* [YOUR TASK] Below are the records. Gather each line that holds "from".

* [LISTED RECORDS]

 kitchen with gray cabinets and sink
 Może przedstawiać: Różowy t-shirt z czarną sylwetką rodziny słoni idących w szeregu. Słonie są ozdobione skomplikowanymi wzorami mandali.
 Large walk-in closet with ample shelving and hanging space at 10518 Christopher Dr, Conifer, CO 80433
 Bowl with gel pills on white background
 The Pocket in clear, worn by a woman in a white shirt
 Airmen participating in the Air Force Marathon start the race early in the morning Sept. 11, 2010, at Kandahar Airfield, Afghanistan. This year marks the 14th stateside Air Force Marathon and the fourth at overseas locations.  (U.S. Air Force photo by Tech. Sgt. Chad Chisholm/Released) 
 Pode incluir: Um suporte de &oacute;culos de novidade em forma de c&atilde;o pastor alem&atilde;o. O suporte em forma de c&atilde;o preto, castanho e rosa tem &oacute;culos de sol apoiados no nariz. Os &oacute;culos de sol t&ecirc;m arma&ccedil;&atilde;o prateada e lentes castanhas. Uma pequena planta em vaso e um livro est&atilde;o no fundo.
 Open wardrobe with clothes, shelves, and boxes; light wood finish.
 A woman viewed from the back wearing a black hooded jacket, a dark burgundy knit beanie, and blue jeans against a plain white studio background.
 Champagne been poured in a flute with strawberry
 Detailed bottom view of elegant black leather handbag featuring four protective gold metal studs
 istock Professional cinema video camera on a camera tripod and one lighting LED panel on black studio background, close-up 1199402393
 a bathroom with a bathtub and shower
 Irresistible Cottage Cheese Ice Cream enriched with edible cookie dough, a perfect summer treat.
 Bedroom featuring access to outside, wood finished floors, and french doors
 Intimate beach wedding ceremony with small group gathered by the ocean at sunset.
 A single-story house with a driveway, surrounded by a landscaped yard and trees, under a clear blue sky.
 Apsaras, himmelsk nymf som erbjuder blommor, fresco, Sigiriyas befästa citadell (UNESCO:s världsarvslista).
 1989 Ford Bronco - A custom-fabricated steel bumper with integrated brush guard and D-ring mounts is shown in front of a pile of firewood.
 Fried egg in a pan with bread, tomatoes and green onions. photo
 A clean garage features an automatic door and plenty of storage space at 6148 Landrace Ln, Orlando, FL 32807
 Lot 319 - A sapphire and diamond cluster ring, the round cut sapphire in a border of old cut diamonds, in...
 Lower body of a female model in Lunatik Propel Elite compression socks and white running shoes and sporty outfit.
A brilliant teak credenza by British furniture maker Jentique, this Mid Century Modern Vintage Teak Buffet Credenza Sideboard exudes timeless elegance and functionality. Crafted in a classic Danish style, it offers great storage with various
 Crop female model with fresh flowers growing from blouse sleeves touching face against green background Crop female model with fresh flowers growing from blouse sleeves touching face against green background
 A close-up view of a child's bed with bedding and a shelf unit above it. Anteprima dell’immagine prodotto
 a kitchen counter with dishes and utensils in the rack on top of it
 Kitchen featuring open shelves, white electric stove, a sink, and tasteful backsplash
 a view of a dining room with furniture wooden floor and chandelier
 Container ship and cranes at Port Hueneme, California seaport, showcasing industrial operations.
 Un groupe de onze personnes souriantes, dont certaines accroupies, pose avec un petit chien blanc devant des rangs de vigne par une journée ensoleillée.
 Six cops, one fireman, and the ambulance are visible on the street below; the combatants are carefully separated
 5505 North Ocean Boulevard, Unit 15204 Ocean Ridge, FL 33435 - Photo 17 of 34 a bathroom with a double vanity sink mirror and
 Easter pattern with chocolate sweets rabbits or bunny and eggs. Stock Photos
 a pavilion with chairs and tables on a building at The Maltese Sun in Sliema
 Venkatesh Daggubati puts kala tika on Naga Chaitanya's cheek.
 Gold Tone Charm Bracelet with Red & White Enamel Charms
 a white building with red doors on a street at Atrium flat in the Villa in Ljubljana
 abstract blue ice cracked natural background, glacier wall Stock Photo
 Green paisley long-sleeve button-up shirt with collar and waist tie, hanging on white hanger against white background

* [TASK RESULT]
 A woman viewed from the back wearing a black hooded jacket, a dark burgundy knit beanie, and blue jeans against a plain white studio background.
 Crop female model with fresh flowers growing from blouse sleeves touching face against green background Crop female model with fresh flowers growing from blouse sleeves touching face against green background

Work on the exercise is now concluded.